Thanks to all who responded!

Matti_Kurkela
Honored Contributor

Re: No Output to Console on HP 9000 K370

Glennes, here are some answers for you Monday's post:

 

1.)

The mount command will always require two pieces of information: what to mount and where it is supposed to be mounted to. You can either specify both on the command line, or specify just one (either one works) and let the mount command fetch the other from /etc/fstab. But if you don't specify both and there is nothing matching in /etc/fstab, then the command will fail.

 

The mount command with both main pieces of information is often used for temporary operations. If you find you're mounting something repeatedly, or want to have it mounted automatically as the system starts up, it is recommended to add the information to /etc/fstab.
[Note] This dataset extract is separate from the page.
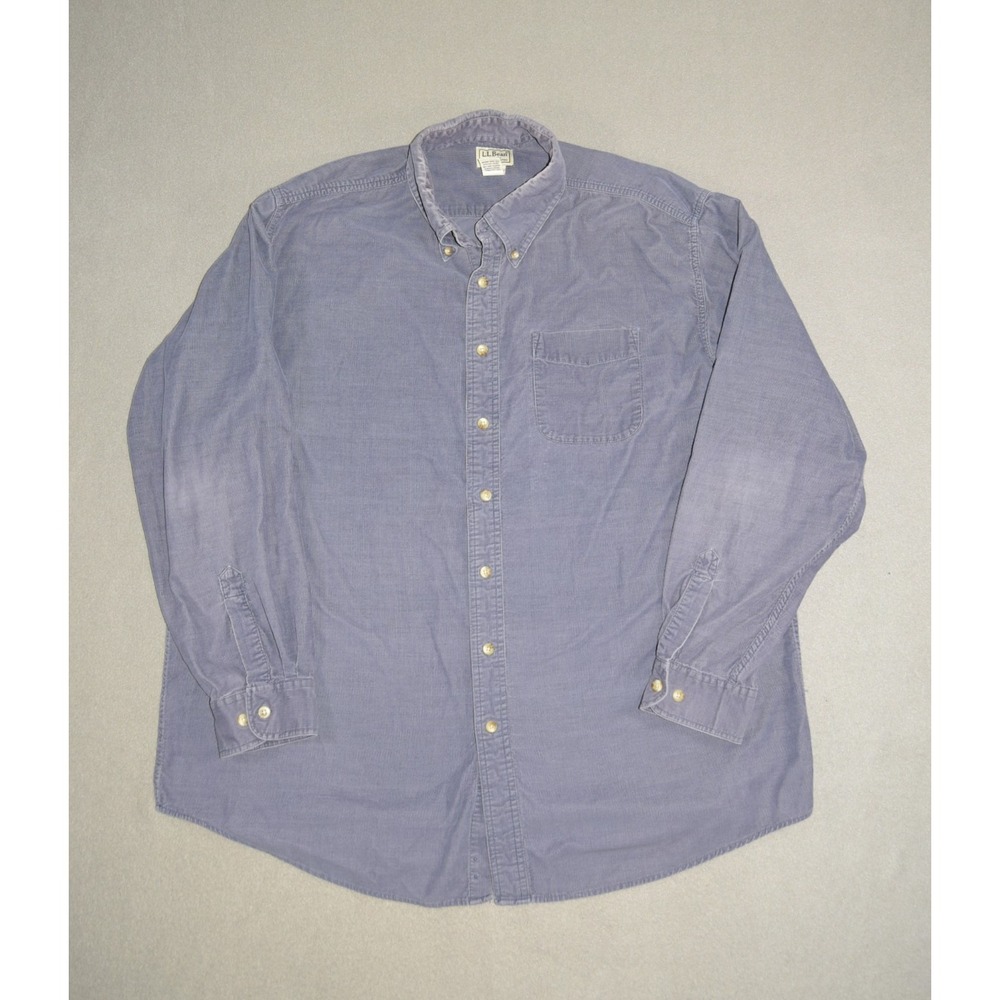 LL Bean Shirt Mens XL Tall Indigo Corduroy Button Down Long Sleeve Faded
Then you can use the shorter form of the mount command with that device/mount point.

 

And as Dennis told you, you need a directory before you can mount something. As the mount command is executed, the root directory of the mounted device will overlap the mount point directory and hide whatever was there before. The previous contents are only hidden, not lost: at unmount time, the original contents will be revealed again.

 

This is also the reason why you cannot be cd'd into a directory when mounting something on top of it. In other words, "mount <something> ." is always doomed to fail.

 

2)

I don't recall what was a typical "swlist" top level listing on K-class hardware with 10.20. But on 11.00 at least, I would have expected a bit longer listing right after a default HP-UX installation.

 

The HP-UX swinstall system (by the way, its proper name is Software Distributor, in case you see it mentioned in the documentation) is hierarchical: files are grouped into filesets, which are grouped into products and (optionally) subproducts, which can exist as-is or can be grouped into bundles. Without any options, the swinstall command will only display the "top level" view: the bundles and any products that don't belong to any bundles.

 

3)

The /dev/crt* devices always refer to graphical output devices. /dev/crt is the "default" graphical display, which is probably referring to the same hardware as /dev/crt0; the idea is that if there are multiple graphical output devices, you can make /dev/crt point to whichever device you want, and still keep using /dev/crtN devices for things that are required to be associated with a particular specific display device.

 

The fact that /dev/crt* devices exist on your system suggest that the drivers required to run the graphical output might already be installed and functional, but the local X11 display system is not configured to run. If that is the problem, SAM is probably the easiest way to start it.

 

> pa con 8/12.0   will that connect the system to the graphics monitor?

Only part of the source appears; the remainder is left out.